Ce que nous disent les citations extraites de Yi Yi et Memoria, c’est le supplément de vie que nous offre le cinéma et que nous emmagasinons, que nous accumulons, que nous stockons. Nous vous proposons de plonger dans notre mémoire de cinéma, toute fragmentaire et chaotique qu’elle soit, et d’en faire jaillir une pensée sensible et poétique, un désordre que la revue accueillera à bras ouverts. Son nom, emprunté à la série du photographe Jean-Louis Garnell, raconte le grand désordre qui nous agite tous et qui anime les créateurs, celui qui nous bouscule et nous invite à faire le tri, à mettre de l’ordre dans nos idées, ou au contraire à inciter le désordre.

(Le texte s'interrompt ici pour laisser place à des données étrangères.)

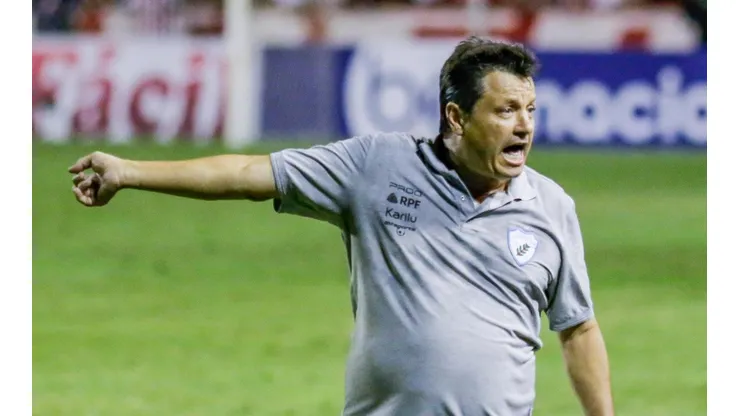 Foto: Rafael Vieira/AGIF | Adilson Batista se revolta na Série B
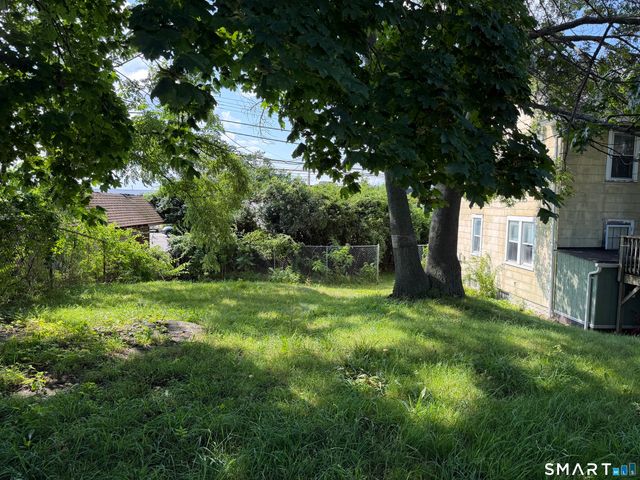 459 Honeyspot Road, Stratford, CT 06615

Nous tenterons de comprendre ce qui, dans le flot de sons, d’images et de récits qui afflue sur nos écrans, bouscule en nous ce qui semblait pourtant si bien rangé. Désordres n’aura de cesse de chercher de nouveaux agencements, de nouvelles façons de créer du lien entre les pratiques. C’est une revue passerelle, une revue de passeurs, de paroles que l’on recueille, et de gestes que l’on fixe droit dans les yeux, de haut en bas et de bas en haut, sous toutes les coutures et même de dos, comme dans les photographies du petit Yang-Yang dans le chef d’oeuvre d’Edward Yang, Yi Yi. Un matin avant de partir à l’école, Yang-Yang demande à son père : «Papa, je ne peux pas voir ce que tu vois et tu ne peux pas voir ce que je vois. Comment je peux savoir ce que tu vois ?». Son père de répondre : «C’est une bonne question, je n’y ai jamais pensé… C’est pour ça qu’on a besoin des caméras.» Voilà une belle question de cinéma. Lorsque Yang Yang photographie les gens de dos, il fait exactement ce que chaque créateur cherche à faire : montrer ce que les autres ne voient pas. Révéler. Avec son regard à lui, ses outils à lui. À sa façon. Ce sont précisément ces expressions, les plus sensibles et personnelles, celles qui nous ouvrent les yeux, qui seront à l’honneur dans Désordres. Yi Yi pourrait être le manifeste rêvé de la revue, pas seulement parce ce qu’il pose ces questions qui ont tant à voir avec la fabrication des images et du temps au cinéma, mais aussi parce qu’il organise et filme un désordre nu. Sans artifice. Or, une des envies qui motive Désordres c’est aussi celle de reconnecter le cinéma avec ses images et avec le monde, de faire confiance à la cinégénie naturelle des choses et d’aller puiser à même les films, photogrammes, raccords, couleurs, lumières… Nous ressentons la nécessité d’affirmer que parfois, les images se suffisent à elles-mêmes. Si par exemple la forme de l’entretien nous est chère, les mots sauront aussi se taire pour laisser parler les images. C’est ainsi que nous espérons, modestement, créer un espace de co-habitation propice au surgissement d’un joyeux désordre.